Ní neart go cur le chéile is a famous Irish phrase which means there is no strength without unity. It’s a thread that runs through Shane Ross’ new book RTÉ Saints, Scholars and Scandals. Disunity is at the heart of RTÉ’s turbulent history and financial woes.

On March 7, 2023, RTÉ’s director general Dee Forbes was no doubt counting down the days to her retirement. She had exactly 18 weeks left before she walked out of her office for the last time. She would leave with her full term completed, her head held high, albeit without any major achievements to crow about.

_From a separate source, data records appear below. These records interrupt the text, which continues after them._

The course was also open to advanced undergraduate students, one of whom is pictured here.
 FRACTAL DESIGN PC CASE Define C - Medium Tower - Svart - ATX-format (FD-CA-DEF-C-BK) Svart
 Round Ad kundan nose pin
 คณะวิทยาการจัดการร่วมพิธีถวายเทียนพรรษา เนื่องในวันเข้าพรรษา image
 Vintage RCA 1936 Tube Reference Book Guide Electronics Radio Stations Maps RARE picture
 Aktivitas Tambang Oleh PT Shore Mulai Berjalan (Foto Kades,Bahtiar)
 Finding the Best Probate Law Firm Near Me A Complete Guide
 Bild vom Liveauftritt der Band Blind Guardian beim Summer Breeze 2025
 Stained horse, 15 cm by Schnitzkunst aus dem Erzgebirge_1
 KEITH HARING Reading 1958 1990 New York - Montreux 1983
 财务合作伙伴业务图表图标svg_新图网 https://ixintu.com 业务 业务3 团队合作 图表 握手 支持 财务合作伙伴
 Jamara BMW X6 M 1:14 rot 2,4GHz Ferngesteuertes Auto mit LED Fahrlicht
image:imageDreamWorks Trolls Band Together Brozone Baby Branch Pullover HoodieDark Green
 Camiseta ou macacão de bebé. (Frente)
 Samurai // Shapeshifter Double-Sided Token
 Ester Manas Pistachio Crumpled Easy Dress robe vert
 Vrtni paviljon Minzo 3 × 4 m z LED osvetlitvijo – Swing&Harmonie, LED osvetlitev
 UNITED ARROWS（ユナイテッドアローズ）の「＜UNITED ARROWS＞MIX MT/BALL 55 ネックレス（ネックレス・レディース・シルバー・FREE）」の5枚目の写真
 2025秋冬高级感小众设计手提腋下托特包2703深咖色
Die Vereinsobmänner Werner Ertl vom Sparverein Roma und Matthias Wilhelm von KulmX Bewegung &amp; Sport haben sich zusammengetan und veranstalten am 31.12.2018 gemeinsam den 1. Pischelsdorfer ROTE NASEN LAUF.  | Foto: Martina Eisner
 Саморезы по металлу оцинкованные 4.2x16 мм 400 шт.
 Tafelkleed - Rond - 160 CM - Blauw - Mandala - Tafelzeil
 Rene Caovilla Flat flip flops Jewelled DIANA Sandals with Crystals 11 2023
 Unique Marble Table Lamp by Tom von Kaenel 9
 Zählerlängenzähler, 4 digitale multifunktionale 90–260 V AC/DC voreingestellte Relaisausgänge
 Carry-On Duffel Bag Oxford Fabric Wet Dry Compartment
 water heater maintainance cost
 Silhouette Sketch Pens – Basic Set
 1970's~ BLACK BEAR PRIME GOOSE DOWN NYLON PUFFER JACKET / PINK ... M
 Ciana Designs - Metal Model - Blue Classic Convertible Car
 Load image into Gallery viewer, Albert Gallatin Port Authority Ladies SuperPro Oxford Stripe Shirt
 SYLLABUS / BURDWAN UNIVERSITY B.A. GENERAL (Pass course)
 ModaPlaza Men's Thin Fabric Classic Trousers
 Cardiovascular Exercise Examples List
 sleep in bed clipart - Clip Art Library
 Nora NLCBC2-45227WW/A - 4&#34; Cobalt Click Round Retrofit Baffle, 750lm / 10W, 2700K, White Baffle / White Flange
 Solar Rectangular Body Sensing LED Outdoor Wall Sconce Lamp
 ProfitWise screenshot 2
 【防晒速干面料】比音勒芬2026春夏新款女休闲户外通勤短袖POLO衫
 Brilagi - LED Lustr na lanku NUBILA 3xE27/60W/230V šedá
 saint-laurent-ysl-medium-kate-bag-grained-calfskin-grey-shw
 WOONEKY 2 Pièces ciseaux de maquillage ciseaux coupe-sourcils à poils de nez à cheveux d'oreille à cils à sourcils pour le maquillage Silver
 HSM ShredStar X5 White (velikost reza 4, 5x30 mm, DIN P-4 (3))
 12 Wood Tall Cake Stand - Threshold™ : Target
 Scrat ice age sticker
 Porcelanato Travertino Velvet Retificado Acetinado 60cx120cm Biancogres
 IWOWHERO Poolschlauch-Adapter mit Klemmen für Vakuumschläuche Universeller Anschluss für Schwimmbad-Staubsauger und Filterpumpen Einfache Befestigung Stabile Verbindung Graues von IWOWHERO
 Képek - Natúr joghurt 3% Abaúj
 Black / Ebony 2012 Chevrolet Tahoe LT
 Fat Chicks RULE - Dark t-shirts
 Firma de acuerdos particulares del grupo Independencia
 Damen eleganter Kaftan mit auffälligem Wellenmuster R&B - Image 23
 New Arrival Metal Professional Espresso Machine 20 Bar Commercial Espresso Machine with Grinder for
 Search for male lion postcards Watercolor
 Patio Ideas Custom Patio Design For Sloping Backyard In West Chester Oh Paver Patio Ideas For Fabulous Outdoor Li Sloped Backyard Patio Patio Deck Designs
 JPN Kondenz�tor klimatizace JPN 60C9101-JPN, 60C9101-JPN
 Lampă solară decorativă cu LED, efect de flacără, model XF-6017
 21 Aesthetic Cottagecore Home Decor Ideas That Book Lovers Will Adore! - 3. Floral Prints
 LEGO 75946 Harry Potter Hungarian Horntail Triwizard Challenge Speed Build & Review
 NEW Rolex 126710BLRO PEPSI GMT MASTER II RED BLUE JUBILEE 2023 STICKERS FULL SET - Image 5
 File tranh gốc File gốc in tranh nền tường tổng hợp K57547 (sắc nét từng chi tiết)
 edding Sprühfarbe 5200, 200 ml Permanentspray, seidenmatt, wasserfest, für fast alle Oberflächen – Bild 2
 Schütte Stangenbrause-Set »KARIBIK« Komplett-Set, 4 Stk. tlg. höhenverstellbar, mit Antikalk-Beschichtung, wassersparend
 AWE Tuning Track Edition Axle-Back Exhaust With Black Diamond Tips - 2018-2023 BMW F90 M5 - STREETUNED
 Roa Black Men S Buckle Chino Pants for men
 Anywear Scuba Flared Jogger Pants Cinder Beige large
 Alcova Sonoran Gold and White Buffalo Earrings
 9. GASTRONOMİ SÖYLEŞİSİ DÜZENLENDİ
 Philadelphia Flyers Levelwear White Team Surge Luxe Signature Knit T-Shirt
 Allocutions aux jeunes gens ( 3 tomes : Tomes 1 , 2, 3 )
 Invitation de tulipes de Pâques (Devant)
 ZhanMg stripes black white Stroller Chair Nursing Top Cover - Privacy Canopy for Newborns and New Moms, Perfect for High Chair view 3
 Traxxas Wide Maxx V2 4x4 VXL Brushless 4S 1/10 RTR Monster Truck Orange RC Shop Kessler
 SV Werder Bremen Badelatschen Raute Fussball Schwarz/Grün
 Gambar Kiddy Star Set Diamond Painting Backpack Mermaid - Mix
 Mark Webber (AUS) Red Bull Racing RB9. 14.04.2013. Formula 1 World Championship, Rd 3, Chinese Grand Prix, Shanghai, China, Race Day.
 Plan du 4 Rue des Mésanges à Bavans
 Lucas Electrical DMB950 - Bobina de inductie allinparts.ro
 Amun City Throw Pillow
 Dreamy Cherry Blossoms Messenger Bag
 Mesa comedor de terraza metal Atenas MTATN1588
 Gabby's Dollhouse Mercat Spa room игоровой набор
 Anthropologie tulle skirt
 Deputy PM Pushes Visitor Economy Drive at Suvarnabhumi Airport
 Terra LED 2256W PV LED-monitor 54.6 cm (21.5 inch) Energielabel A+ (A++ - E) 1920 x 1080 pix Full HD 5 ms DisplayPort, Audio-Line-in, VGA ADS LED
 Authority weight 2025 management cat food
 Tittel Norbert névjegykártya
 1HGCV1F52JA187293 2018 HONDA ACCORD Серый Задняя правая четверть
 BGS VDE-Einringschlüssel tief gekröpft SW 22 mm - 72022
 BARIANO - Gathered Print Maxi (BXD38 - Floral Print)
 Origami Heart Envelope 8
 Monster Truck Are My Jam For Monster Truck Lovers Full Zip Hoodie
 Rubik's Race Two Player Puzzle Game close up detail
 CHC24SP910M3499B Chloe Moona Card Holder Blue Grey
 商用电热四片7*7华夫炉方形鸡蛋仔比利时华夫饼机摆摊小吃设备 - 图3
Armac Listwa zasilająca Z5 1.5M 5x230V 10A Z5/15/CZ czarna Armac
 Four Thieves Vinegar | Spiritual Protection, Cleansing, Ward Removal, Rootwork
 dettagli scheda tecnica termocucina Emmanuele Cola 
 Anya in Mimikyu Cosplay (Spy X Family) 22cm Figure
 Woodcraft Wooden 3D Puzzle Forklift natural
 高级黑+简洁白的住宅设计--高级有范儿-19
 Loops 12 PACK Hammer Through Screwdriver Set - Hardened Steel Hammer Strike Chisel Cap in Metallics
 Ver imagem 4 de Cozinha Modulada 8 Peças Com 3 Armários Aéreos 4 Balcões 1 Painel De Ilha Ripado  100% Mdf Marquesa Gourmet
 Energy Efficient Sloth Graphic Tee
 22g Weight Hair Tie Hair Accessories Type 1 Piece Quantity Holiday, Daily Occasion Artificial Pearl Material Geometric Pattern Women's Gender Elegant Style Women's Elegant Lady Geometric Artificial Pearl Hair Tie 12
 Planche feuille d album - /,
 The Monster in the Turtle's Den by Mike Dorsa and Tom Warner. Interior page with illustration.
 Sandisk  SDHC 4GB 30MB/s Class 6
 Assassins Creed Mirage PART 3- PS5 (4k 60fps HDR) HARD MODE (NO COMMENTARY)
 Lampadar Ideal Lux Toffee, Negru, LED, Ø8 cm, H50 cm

That same day, chief financial officer Richard Collins had just been contacted by auditors Deloitte, who were in the middle of a routine audit. They had questions about two puzzling invoices paid through a mysterious ‘barter’ account, issued by a UK company called Century Merchandise Services, relating to two payments — one in 2021, the other in 2022 — totalling €150,000. The company was owned by Noel Kelly, Ryan Tubridy’s agent.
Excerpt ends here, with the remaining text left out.